** Requirement **
Using the material below, repeat exactly the lines from the one with "Аккумуляторные ножницы для" through the one with "tarheel Show Images Page 6", ends included, without any images.

Provided entries START

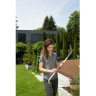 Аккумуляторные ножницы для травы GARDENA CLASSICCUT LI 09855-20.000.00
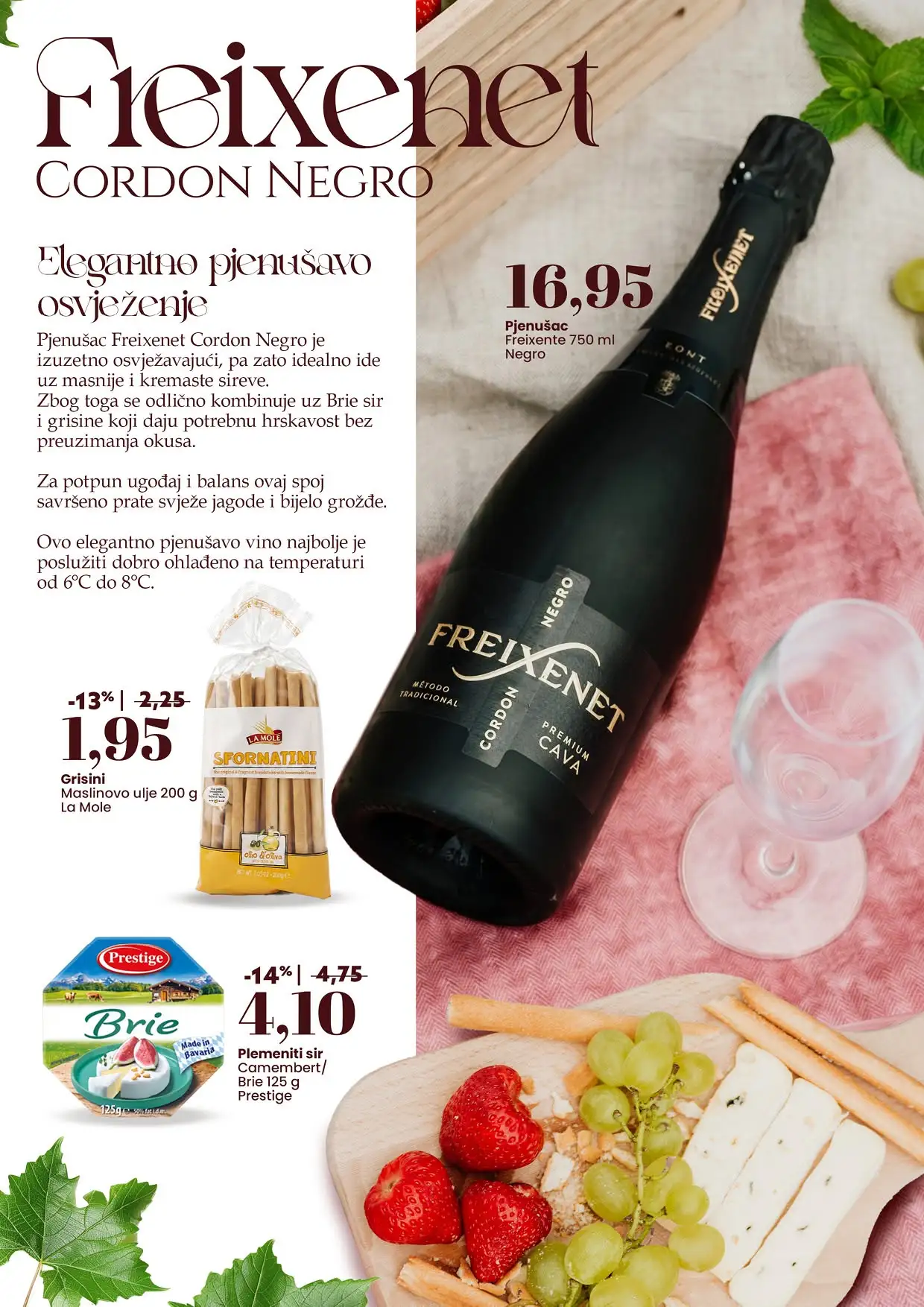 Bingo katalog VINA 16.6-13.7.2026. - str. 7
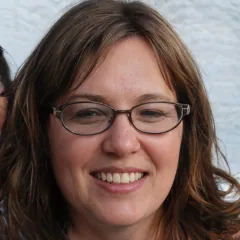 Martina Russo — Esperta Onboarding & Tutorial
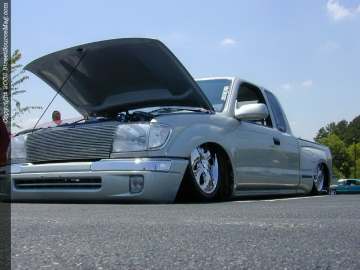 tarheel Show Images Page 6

Provided entries END
Provided entries START

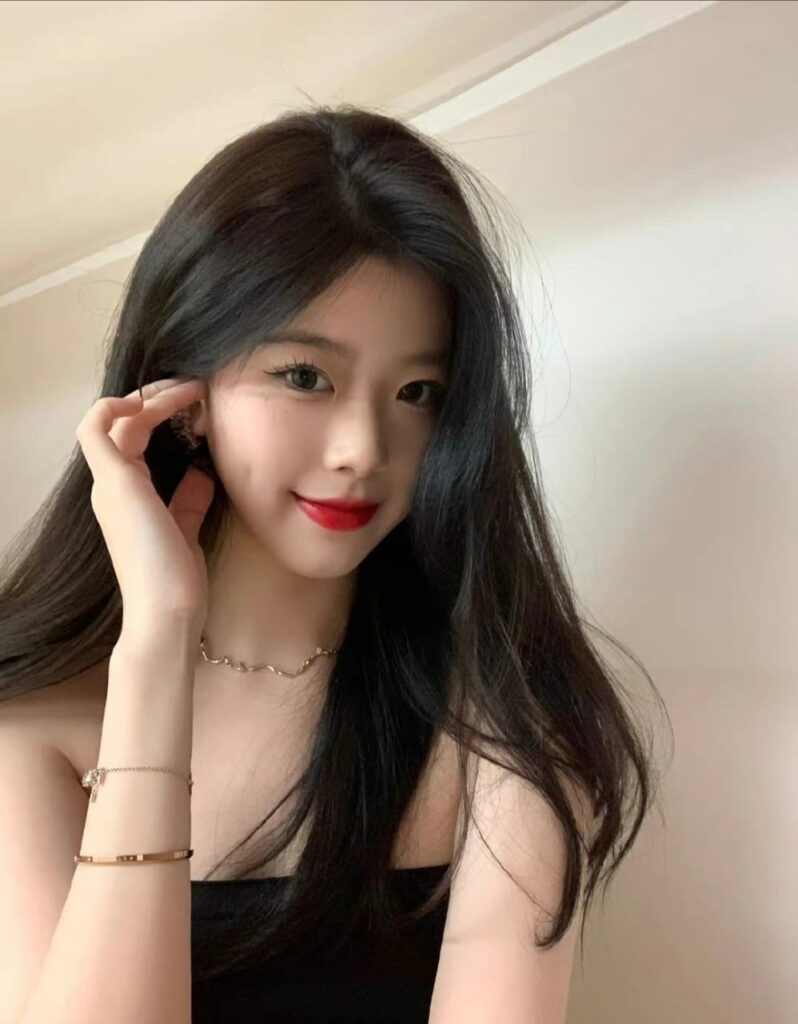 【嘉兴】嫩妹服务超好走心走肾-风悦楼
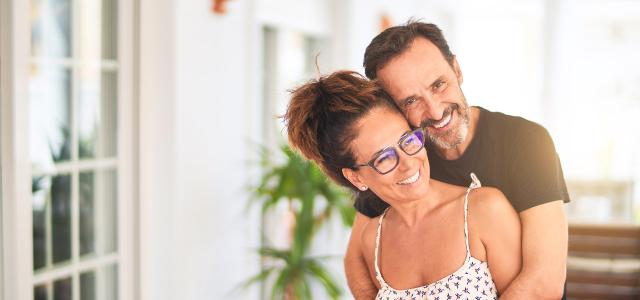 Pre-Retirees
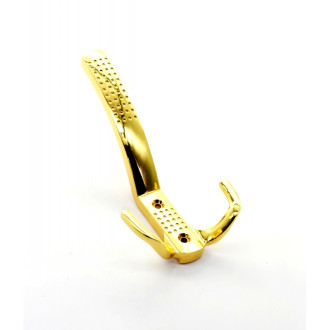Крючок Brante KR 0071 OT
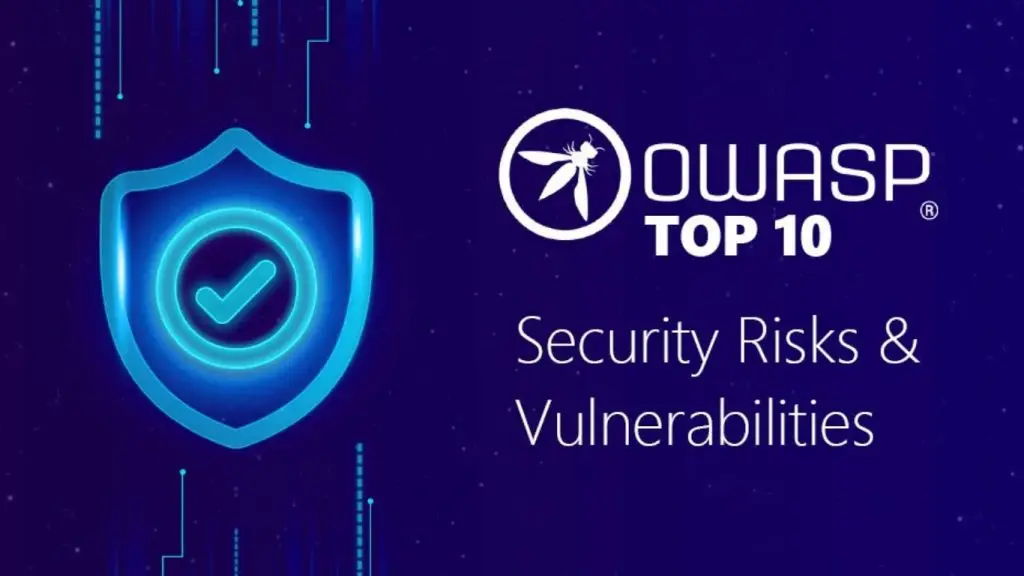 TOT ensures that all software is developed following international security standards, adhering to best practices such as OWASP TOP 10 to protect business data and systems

Provided entries END
Provided entries START

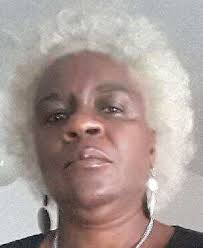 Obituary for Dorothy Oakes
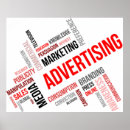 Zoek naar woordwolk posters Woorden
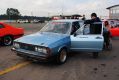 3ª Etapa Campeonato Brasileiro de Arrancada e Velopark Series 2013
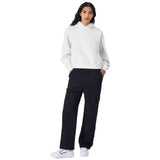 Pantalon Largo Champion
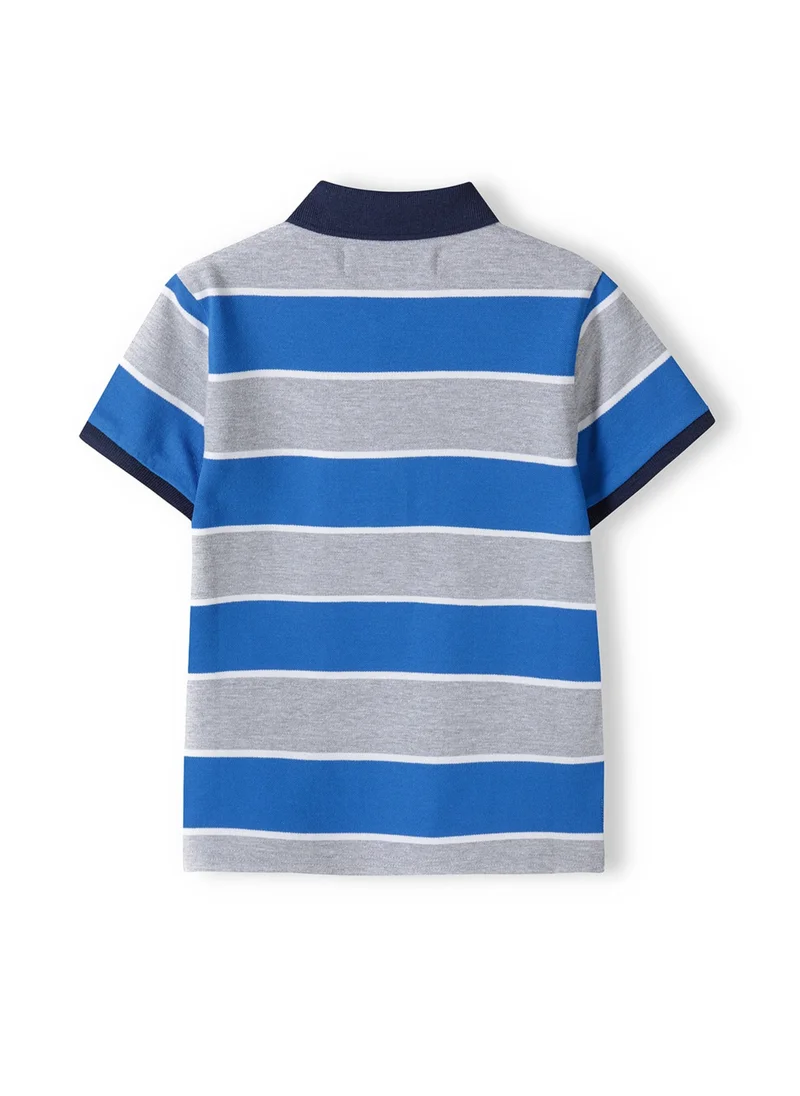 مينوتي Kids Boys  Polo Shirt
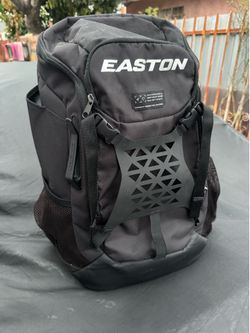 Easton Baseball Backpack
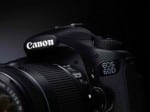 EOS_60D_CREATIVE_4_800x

Provided entries END

** Exercise result **
 Аккумуляторные ножницы для травы GARDENA CLASSICCUT LI 09855-20.000.00
 Bingo katalog VINA 16.6-13.7.2026. - str. 7
 Martina Russo — Esperta Onboarding & Tutorial
 tarheel Show Images Page 6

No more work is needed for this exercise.